**Task instructions**
What is needed is the full set of records, word for word, with no pictures.

[Crawled caption data]
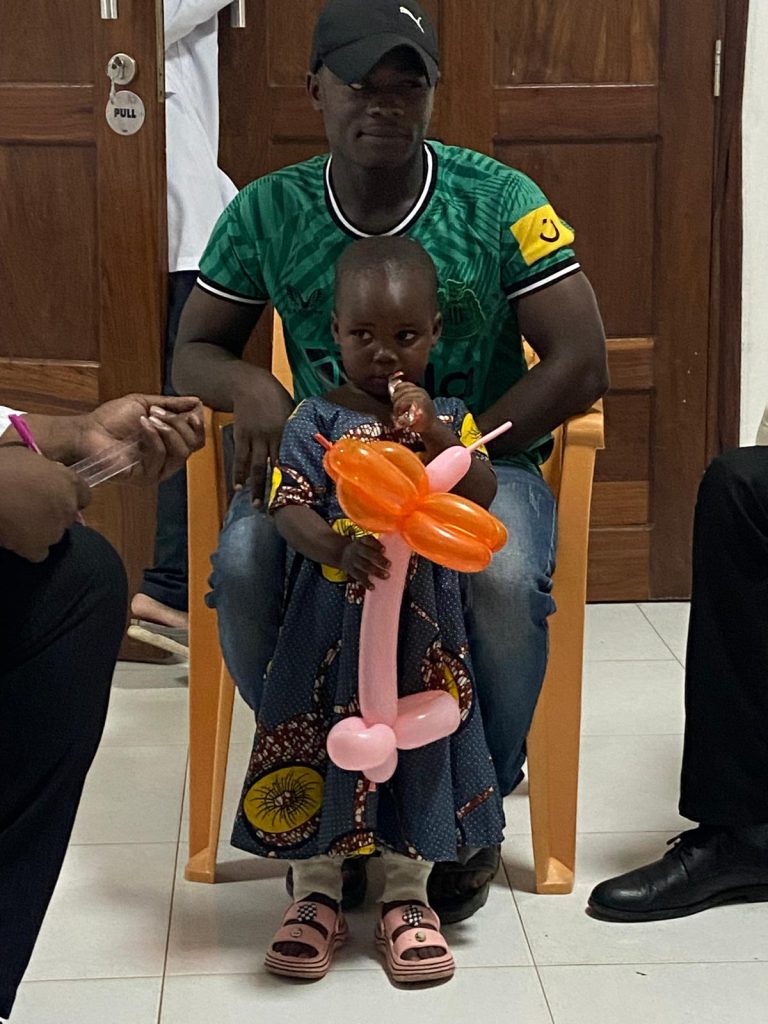 Missione sanitaria e clownterapia, la dottoressa Giuliana Santoponte in Tanzania 3 2 5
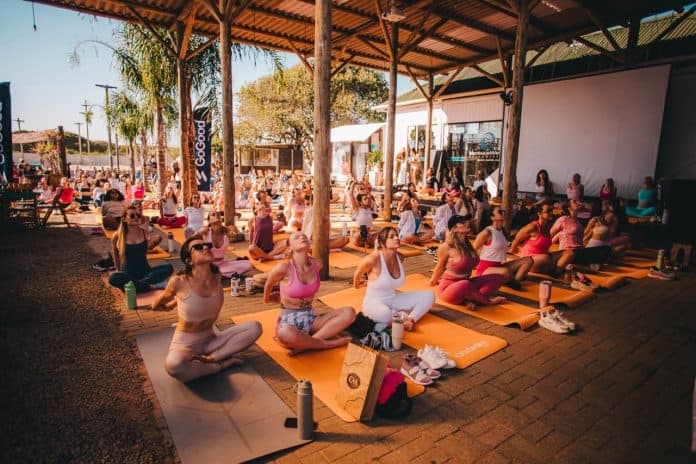 Participantes em aula de yoga em encontro de bem-estar do Réveillon Campeche, em Florianópolis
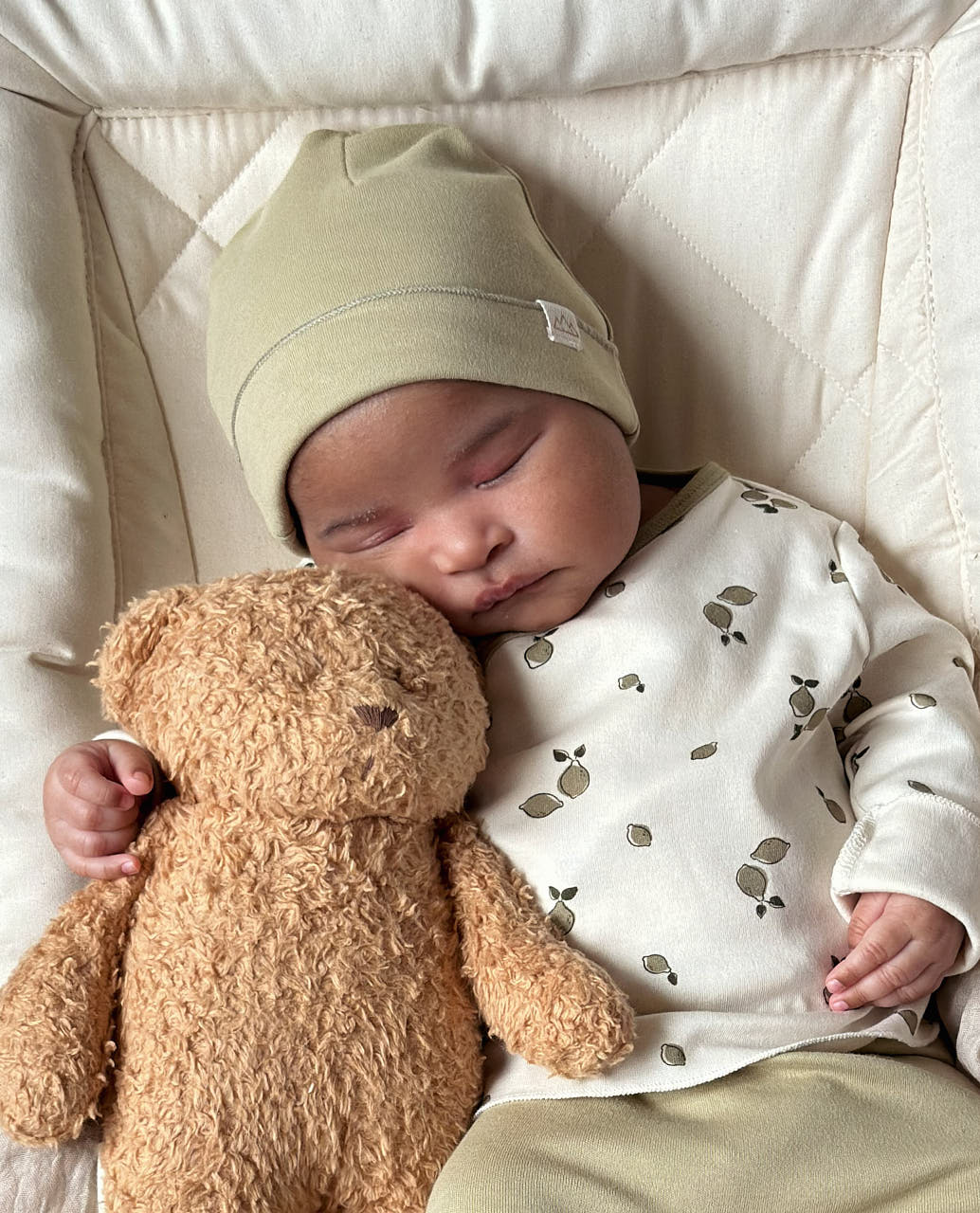 Gorrito caqui, orgánico, ideal entretiempo. Mimú bebés Jerez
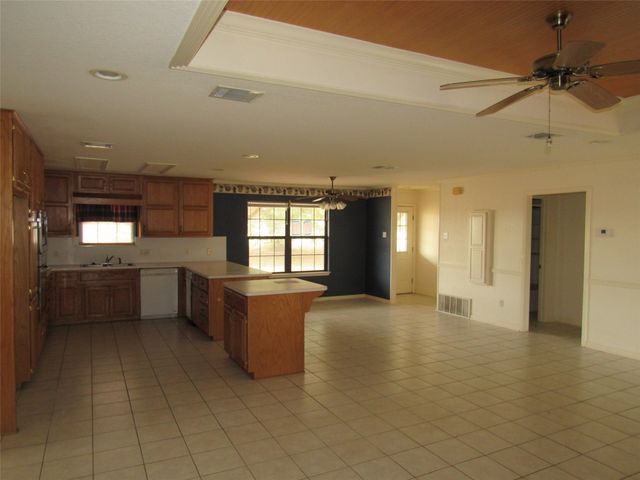 6721 Golinda Drive, Golinda, TX 76655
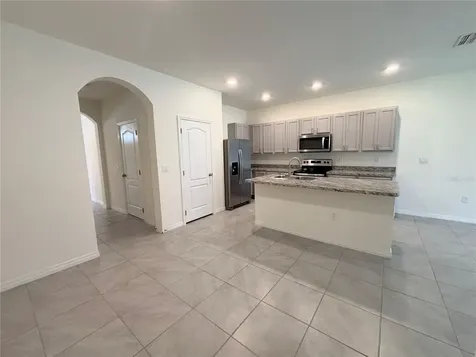 1232 Yellow Finch Drive Davenport FL 33837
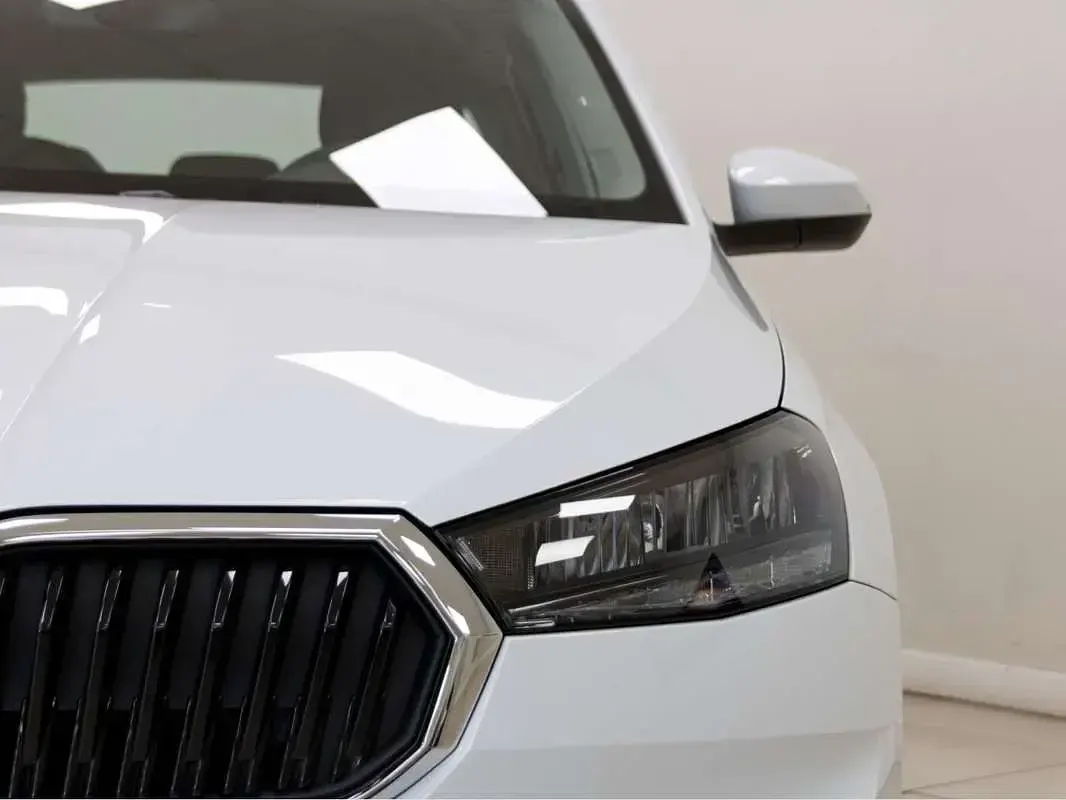 Usado Skoda Fabia Ambition 80 CV (58 kW) 2023 Blanco Utilitario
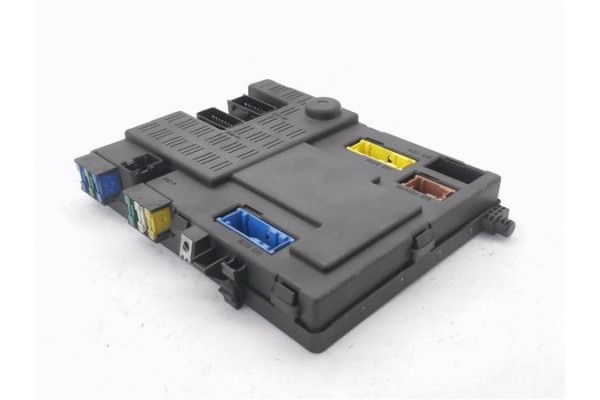 Recambio de caja fusibles/rele para citroen xsara picasso 2.0 hdi referencia OEM IAM 9642409480 73002512 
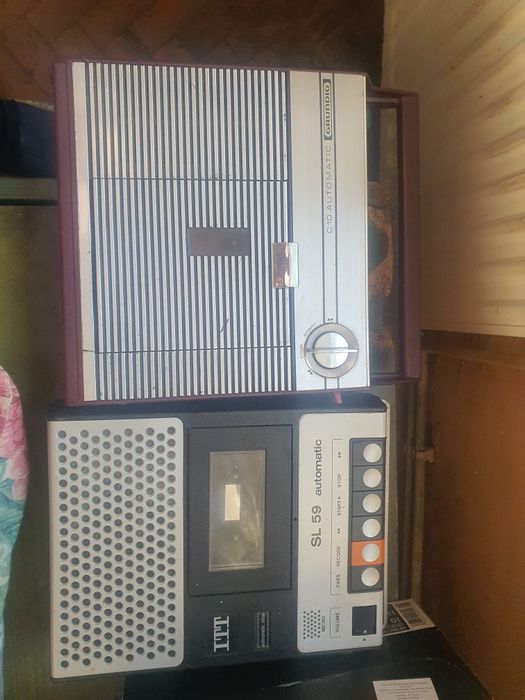 vănd două casetofoane de colecție itt ,grundig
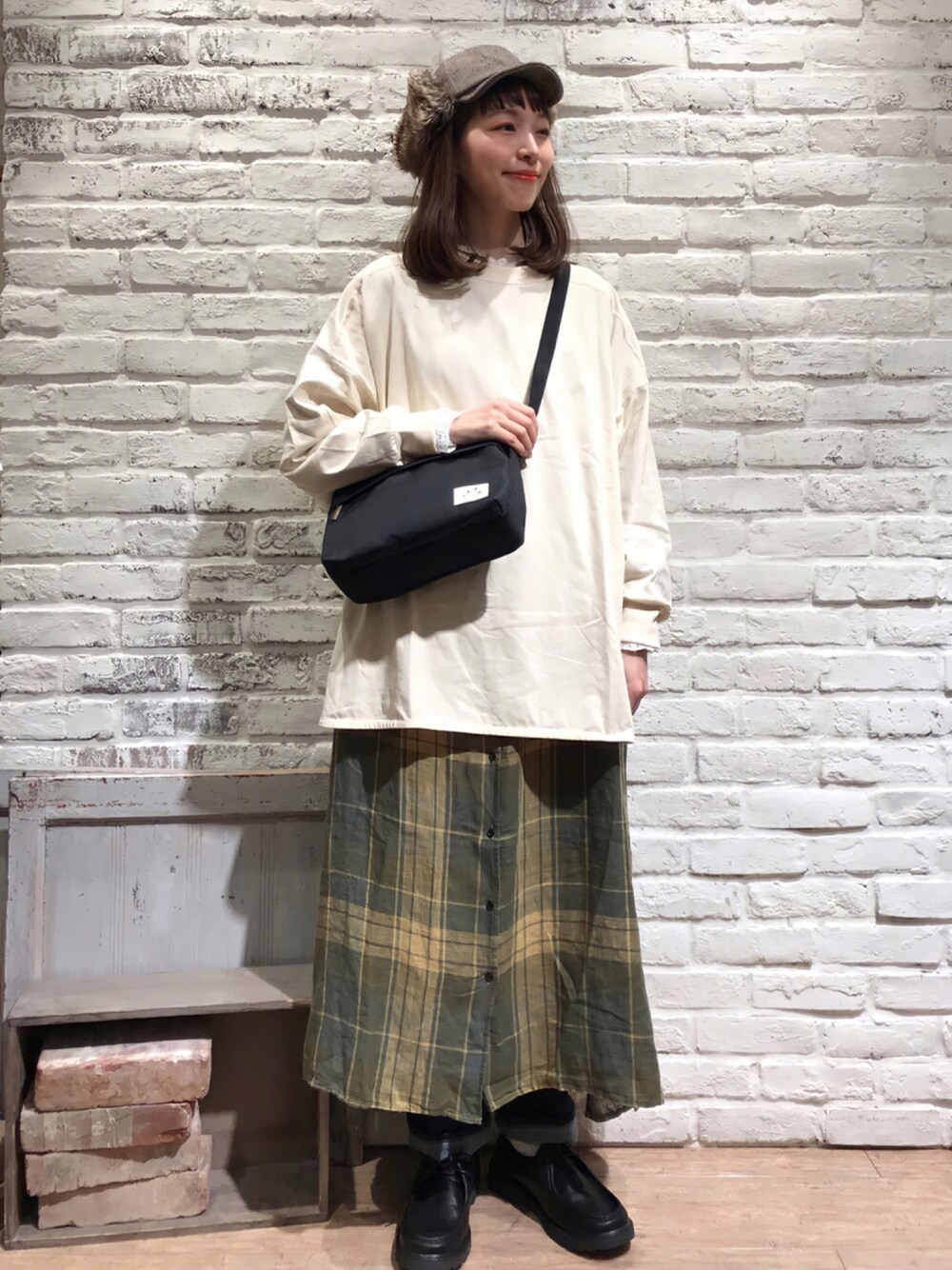 ホワイト系のTシャツ/カットソー、ブラック系のショルダーバッグ、ホワイト系のTシャツ/カットソーを着用したレディースの秋コーディネートの1枚目の写真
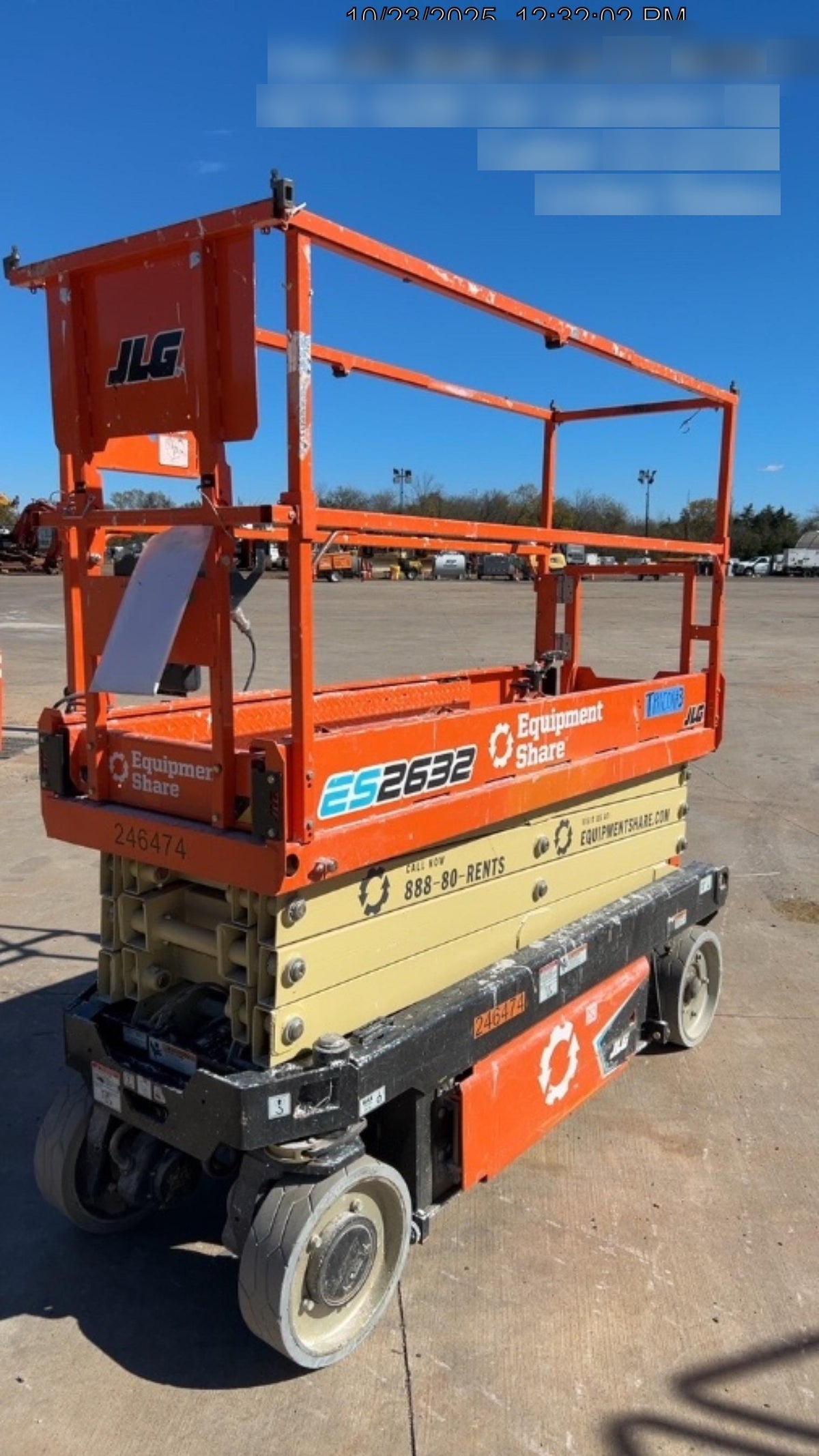2022 JLG ES2632
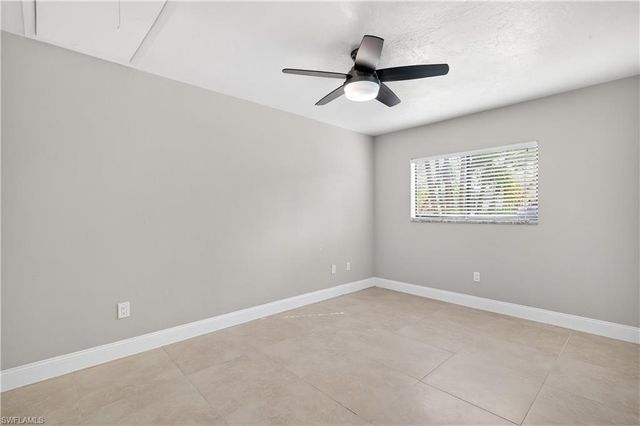 7164 Lyle TER # 2, Fort Myers, FL 33907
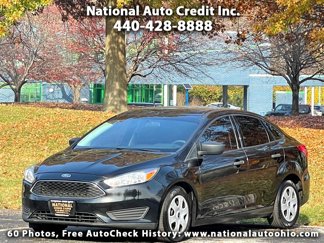 Used 2018 Ford Focus S image 1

**Task output**
 Missione sanitaria e clownterapia, la dottoressa Giuliana Santoponte in Tanzania 3 2 5
 Participantes em aula de yoga em encontro de bem-estar do Réveillon Campeche, em Florianópolis
 Gorrito caqui, orgánico, ideal entretiempo. Mimú bebés Jerez
 6721 Golinda Drive, Golinda, TX 76655
 1232 Yellow Finch Drive Davenport FL 33837
 Usado Skoda Fabia Ambition 80 CV (58 kW) 2023 Blanco Utilitario
 Recambio de caja fusibles/rele para citroen xsara picasso 2.0 hdi referencia OEM IAM 9642409480 73002512 
 vănd două casetofoane de colecție itt ,grundig
 ホワイト系のTシャツ/カットソー、ブラック系のショルダーバッグ、ホワイト系のTシャツ/カットソーを着用したレディースの秋コーディネートの1枚目の写真
2022 JLG ES2632
 7164 Lyle TER # 2, Fort Myers, FL 33907
 Used 2018 Ford Focus S image 1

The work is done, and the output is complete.